Caption-style text data:
****************

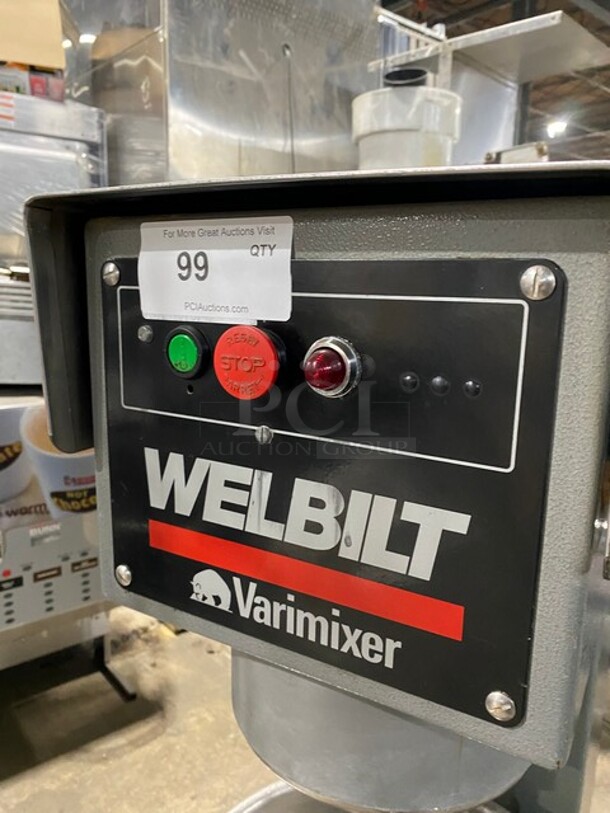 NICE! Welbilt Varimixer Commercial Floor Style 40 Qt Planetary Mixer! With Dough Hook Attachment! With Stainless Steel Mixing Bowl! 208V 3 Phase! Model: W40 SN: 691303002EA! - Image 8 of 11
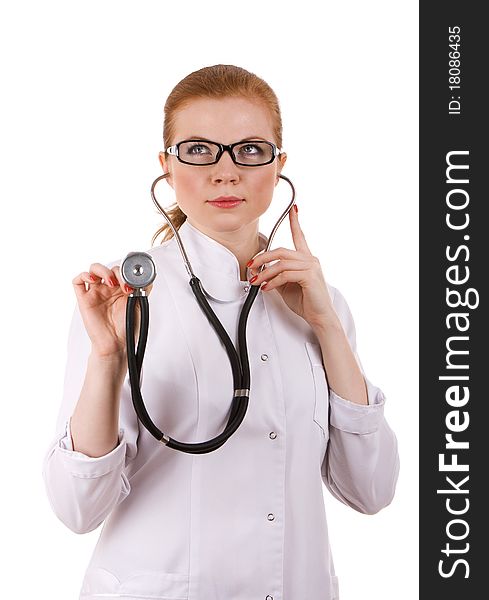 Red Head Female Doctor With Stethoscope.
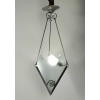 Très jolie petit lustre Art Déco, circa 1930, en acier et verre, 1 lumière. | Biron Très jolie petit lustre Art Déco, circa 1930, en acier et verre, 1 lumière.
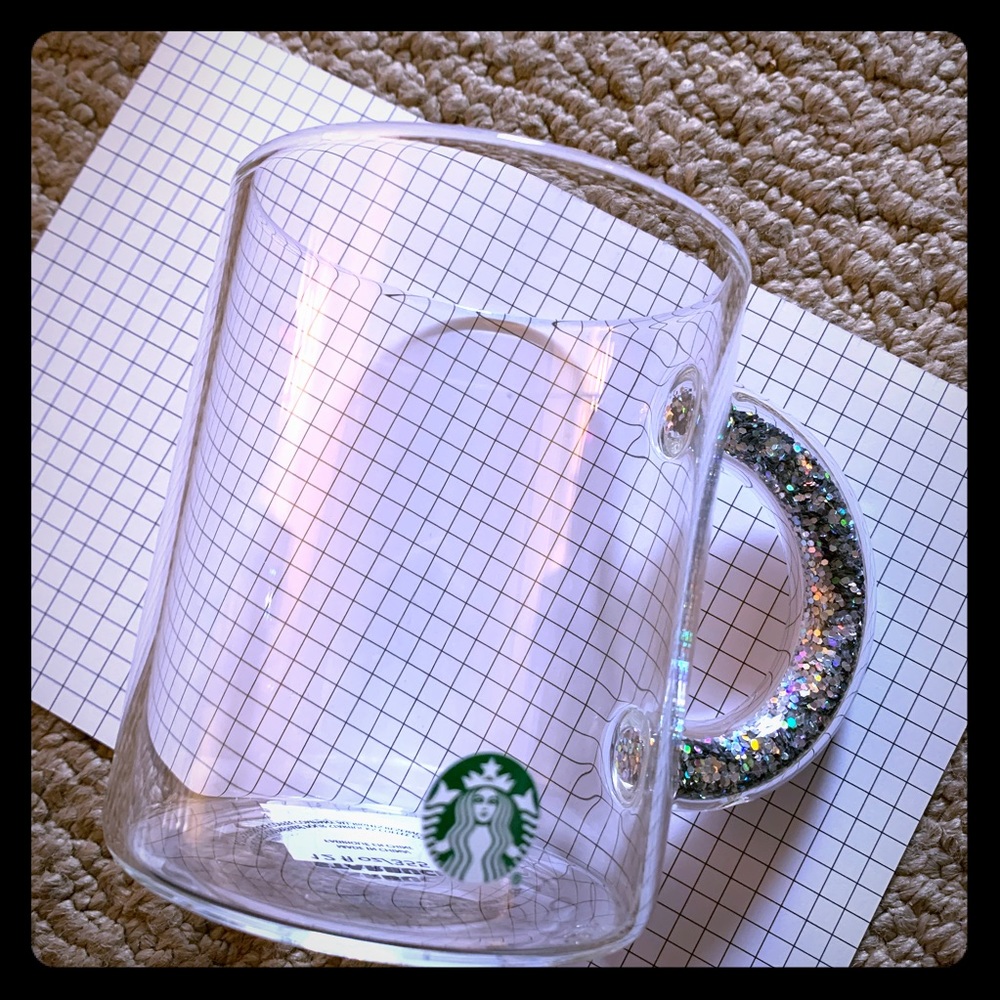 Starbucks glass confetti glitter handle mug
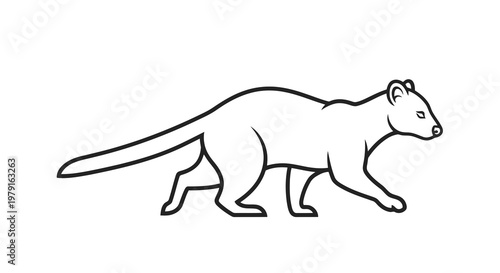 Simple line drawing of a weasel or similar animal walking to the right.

****************

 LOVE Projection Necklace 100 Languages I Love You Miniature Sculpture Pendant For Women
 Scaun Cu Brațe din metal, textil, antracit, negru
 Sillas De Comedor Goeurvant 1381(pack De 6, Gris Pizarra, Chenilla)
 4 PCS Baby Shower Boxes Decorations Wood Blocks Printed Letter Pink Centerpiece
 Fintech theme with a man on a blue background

****************

Task objective:
From the line that has "Scaun Cu Brațe" through the line that has "Fintech theme with", copy every line exactly as it appears above, and leave out all others.

Output for this task:
 Scaun Cu Brațe din metal, textil, antracit, negru
 Sillas De Comedor Goeurvant 1381(pack De 6, Gris Pizarra, Chenilla)
 4 PCS Baby Shower Boxes Decorations Wood Blocks Printed Letter Pink Centerpiece
 Fintech theme with a man on a blue background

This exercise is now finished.